**Task objective**
Make an exact copy of the data below, leaving out every picture.

(Given data)

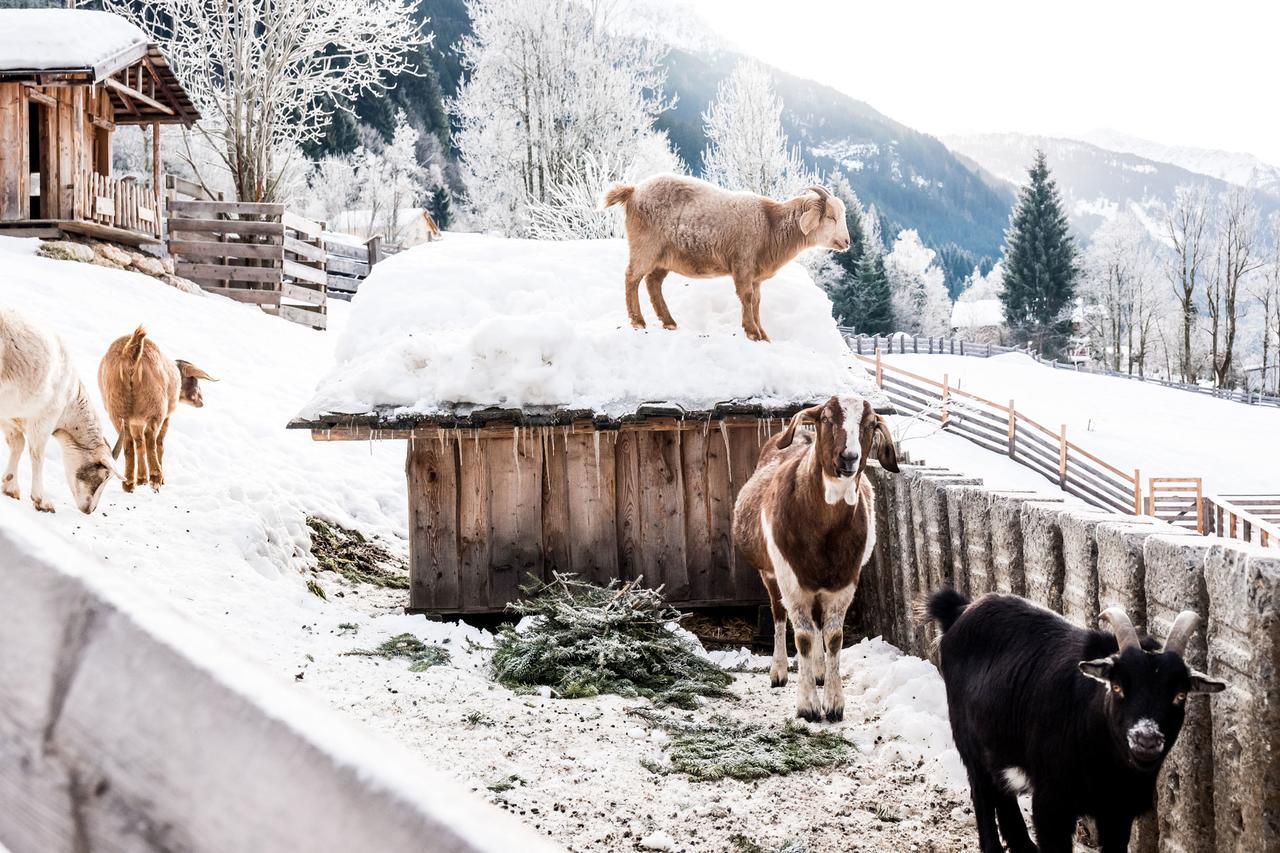 Вілла Peakini Farmhaus Унтертауерн Екстер'єр фото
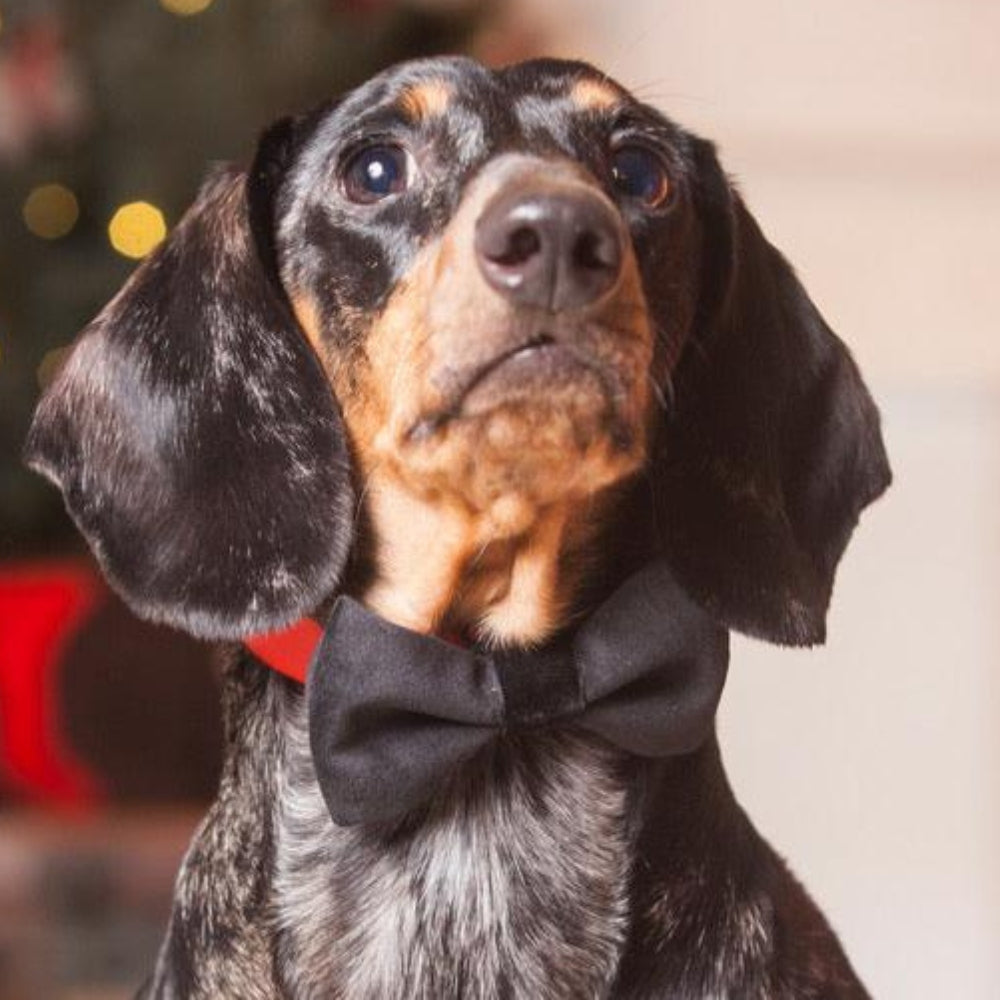 Black Velvet Dog Bow Tie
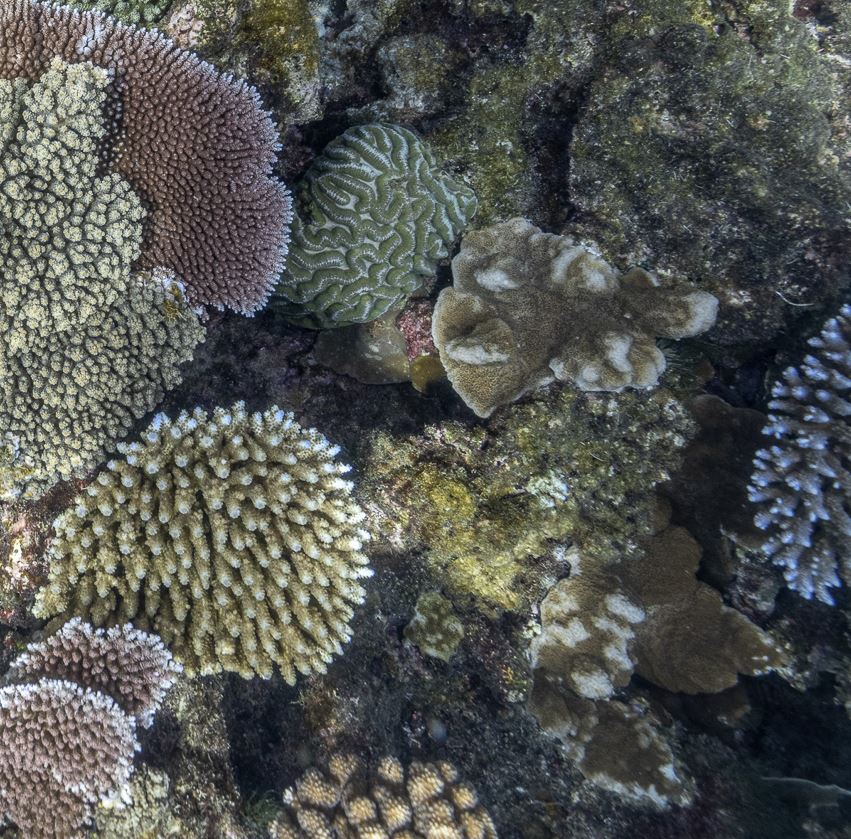 Coral Reef Photo. Great Barrier Reef. Jennifer Marohasy.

(End Given data)

**Reply**
 Вілла Peakini Farmhaus Унтертауерн Екстер'єр фото
 Black Velvet Dog Bow Tie
 Coral Reef Photo. Great Barrier Reef. Jennifer Marohasy.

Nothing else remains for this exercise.